仕事や研修に取り組んだ後の振り返りに人材育成の資源を見出した点です。
レポートやアンケートで回収されたシートが相当な数になっているケースは多いのではないでしょうか。選択式の回答集計はまだしも、自由記述となると手が回らない、というご相談もよく受けます。
また、回答者からみても何のフィードバックも得られない状態が続くと、次第に回答意欲が下がっていき、記述内容も大雑把なものになりがちです。時間と労力をかけて実施するレポートやアンケートで、このような悪循環に陥らないためには、記述部分の分析とフィードバックが肝となります。
手作業での分析には対象数の限界があり、当社では部分的なAIの活用に注目しました。大学と共同開発したテキストAI分析「TIARA」によって、作業時間は30分の1にまで短縮することができ、判断基準のブレの回避にもつながっています。短縮によって生まれた時間を分析結果の読解とフィードバックに充てれば、回答者の意欲喚起、行動変容にもつながり、好循環へと転換することができます。
本講演では限られたデータにはなりますが、分析結果をお示ししながら、できるだけ具体的に実践事例をご報告したいと思っています。

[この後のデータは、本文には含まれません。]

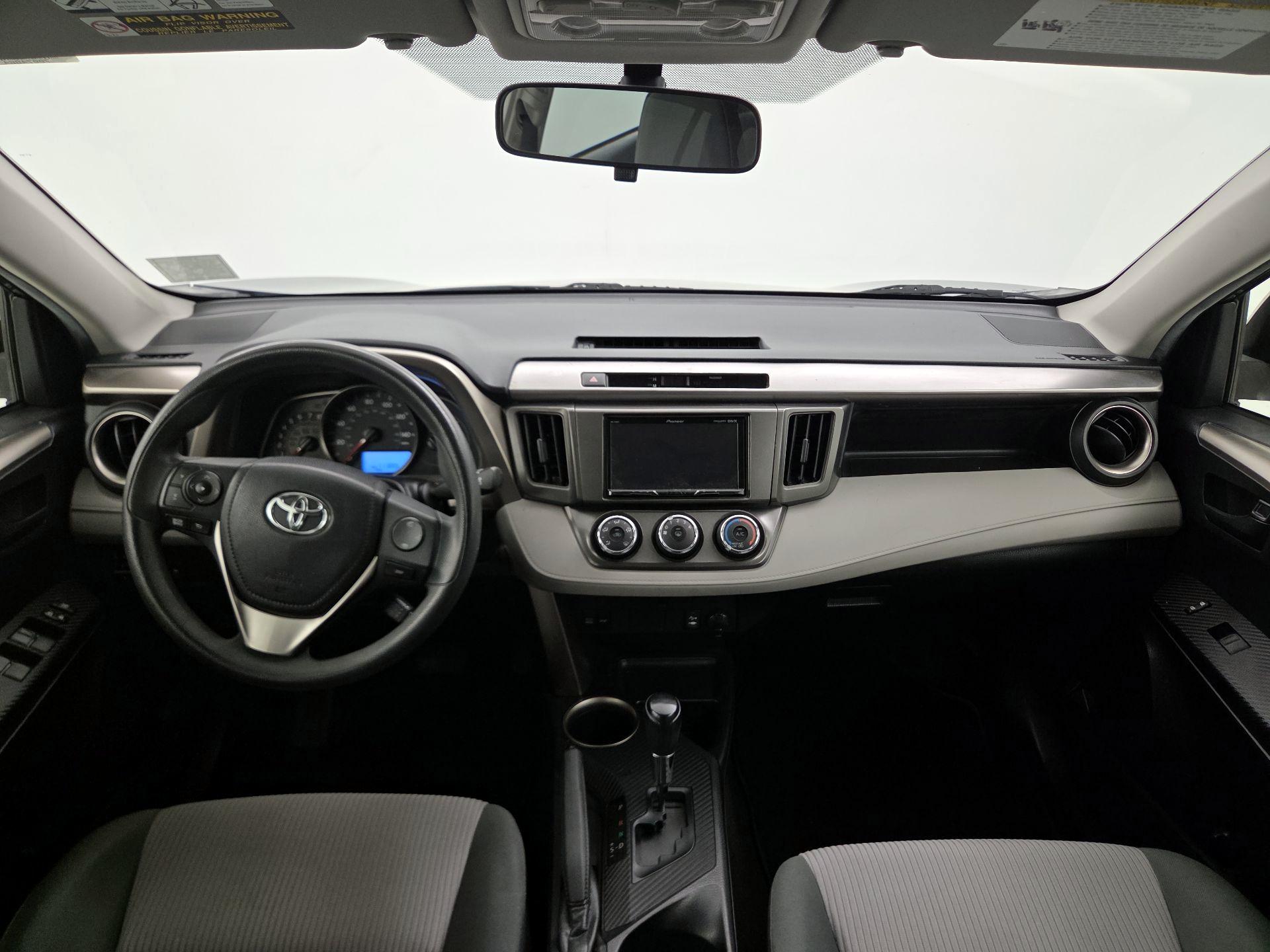 Thumbnail: 2014 Toyota RAV4 - 9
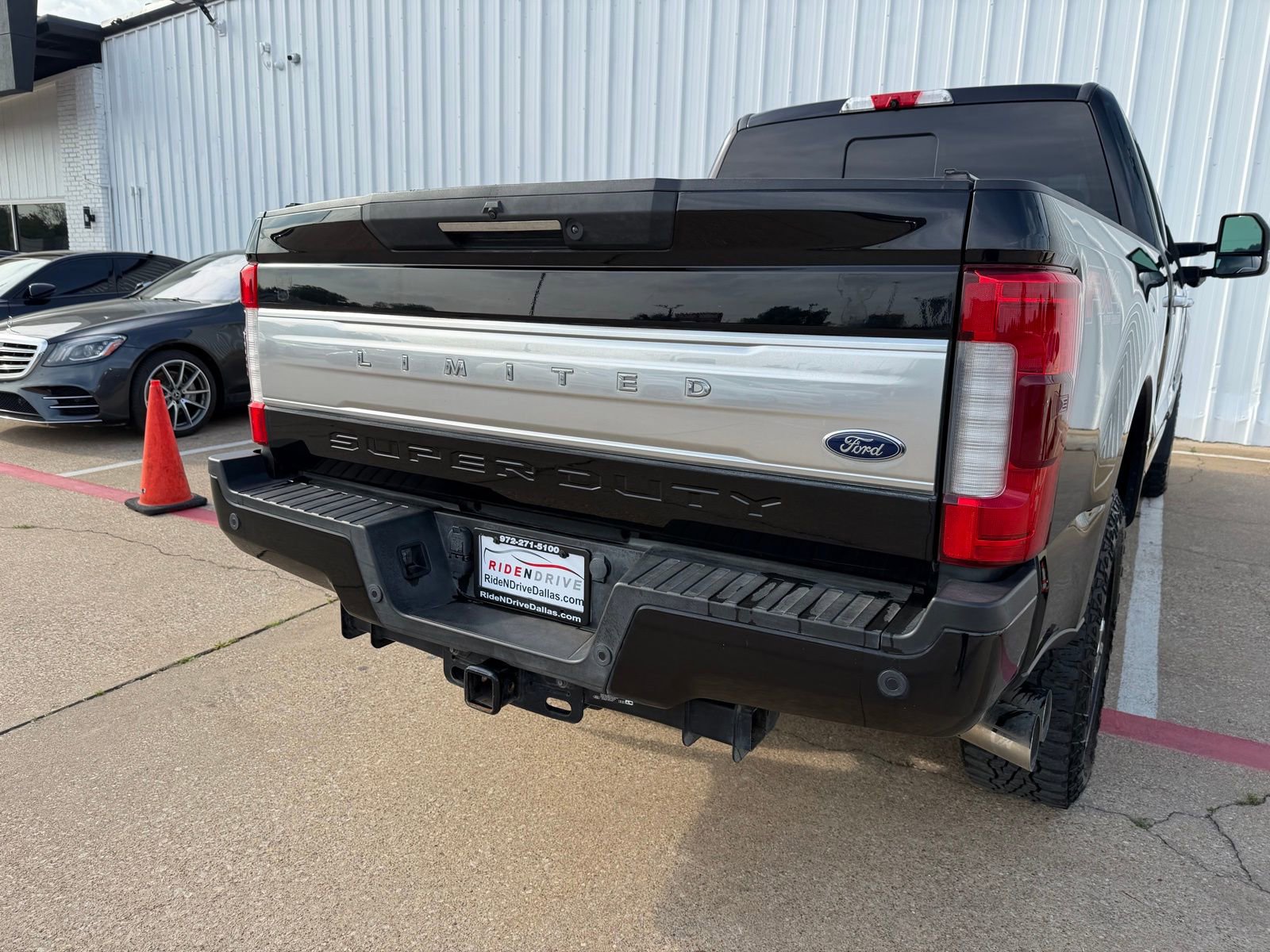Used 2019 Ford F250 Limited w/ FX4 Off-Road Package AWD/4WD image 6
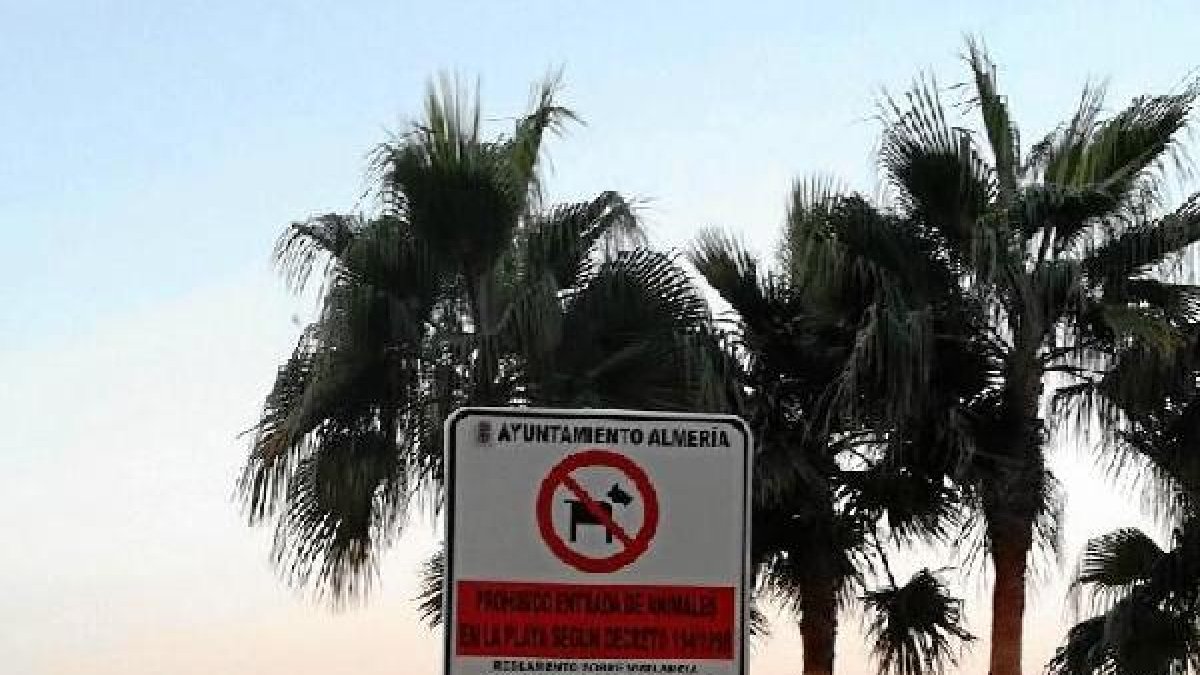 Una de las señalas instaladas por el Ayuntamiento.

例えば、同一分析手法の中ではそれらしく見える指標も、別の指標と重ねると齟齬を生じることもあります。そこで、三つの異なった指標を重ねて分析を試みた事例なども織り交ぜてお話ししてまいります。
―― 講演に向けての抱負や、参加される皆さまへのメッセージをお願いします。
これまで実施してきた人材育成プログラムに課題を抱えている方、中でも、「自ら考え、率先して取り組み、成長し続ける人材」の育成を目指しておられる方は、ぜひご参加ください。
一口に人材育成といっても、置かれている環境、保有する資源、獲得すべき成果は多様です。効率が最優先されるケースもあれば、新規性、独自性が求められるケースもあり、目指すモデルによって手法も指標も使い分けなくては効果も期待できません。
社会環境が大きく変化すると予測されている今、変化にチャンスを見出し、多様な選択肢を持ち寄るメンバーで構成されたチーム作りを目指していただければと思います。